THE PROBLEM – Pick up at the line with "Güngören Akıncılar'da 5+1". Write it out exactly, along with each later line through the end of the data, and nothing more.

══ SUPPLIED ENTRIES ══

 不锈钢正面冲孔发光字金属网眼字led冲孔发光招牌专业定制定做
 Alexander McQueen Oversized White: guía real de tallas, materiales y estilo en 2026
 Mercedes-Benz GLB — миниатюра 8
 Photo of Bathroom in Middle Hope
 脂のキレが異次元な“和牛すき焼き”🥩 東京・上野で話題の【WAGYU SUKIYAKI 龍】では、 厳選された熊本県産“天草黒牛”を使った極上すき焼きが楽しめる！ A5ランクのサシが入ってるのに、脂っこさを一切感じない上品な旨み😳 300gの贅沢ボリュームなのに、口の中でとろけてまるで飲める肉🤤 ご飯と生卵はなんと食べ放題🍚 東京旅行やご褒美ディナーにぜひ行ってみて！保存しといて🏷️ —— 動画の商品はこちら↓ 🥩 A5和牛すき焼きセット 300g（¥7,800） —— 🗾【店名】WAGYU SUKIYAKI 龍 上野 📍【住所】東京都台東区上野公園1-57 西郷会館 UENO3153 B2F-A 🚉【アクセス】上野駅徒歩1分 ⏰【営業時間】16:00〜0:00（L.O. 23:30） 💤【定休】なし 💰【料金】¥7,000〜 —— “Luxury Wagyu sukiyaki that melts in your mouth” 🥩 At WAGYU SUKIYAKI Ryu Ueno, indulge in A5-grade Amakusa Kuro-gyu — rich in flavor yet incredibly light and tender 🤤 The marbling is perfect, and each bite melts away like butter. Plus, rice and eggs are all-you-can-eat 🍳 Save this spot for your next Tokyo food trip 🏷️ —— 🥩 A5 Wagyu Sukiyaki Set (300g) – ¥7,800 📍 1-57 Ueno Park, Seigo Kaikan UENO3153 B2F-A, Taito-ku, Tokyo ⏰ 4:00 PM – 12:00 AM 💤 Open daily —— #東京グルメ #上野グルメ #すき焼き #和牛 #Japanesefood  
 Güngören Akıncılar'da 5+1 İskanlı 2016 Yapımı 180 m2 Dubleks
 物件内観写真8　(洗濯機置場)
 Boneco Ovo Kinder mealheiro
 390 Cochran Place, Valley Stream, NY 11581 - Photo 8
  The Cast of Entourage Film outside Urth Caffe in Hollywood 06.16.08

═══

SOLUTION FOR THIS TASK –
 Güngören Akıncılar'da 5+1 İskanlı 2016 Yapımı 180 m2 Dubleks
 物件内観写真8　(洗濯機置場)
 Boneco Ovo Kinder mealheiro
 390 Cochran Place, Valley Stream, NY 11581 - Photo 8
  The Cast of Entourage Film outside Urth Caffe in Hollywood 06.16.08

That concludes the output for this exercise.